> [DATA SHOWN]
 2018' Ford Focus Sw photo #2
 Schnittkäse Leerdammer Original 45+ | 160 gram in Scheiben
* * *
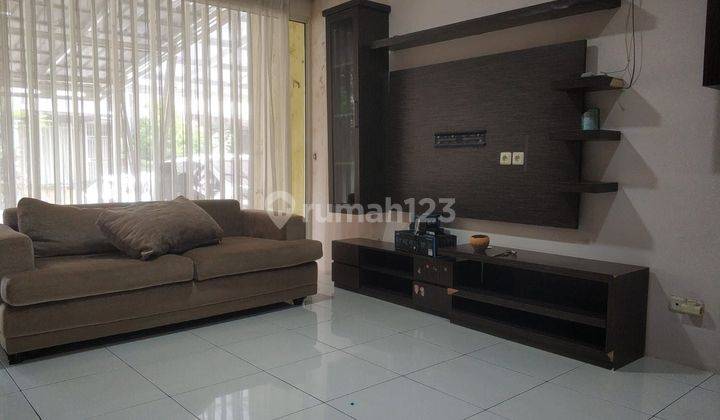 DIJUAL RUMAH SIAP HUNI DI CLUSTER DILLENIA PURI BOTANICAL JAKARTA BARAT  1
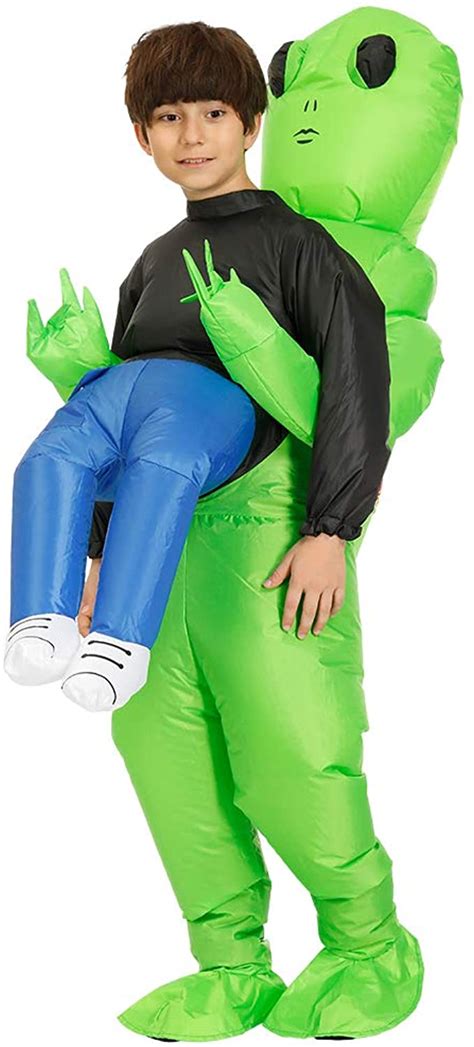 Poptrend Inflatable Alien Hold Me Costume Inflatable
--
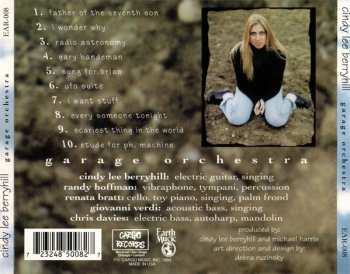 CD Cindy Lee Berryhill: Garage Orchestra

> [ACTION ITEM]
Print the lines above from the one with "2018' Ford Focus Sw photo #2" through the one with "Schnittkäse Leerdammer Original 45+", both included, exactly as written and nothing more.

> [ANSWER FOR THE TASK]
 2018' Ford Focus Sw photo #2
 Schnittkäse Leerdammer Original 45+ | 160 gram in Scheiben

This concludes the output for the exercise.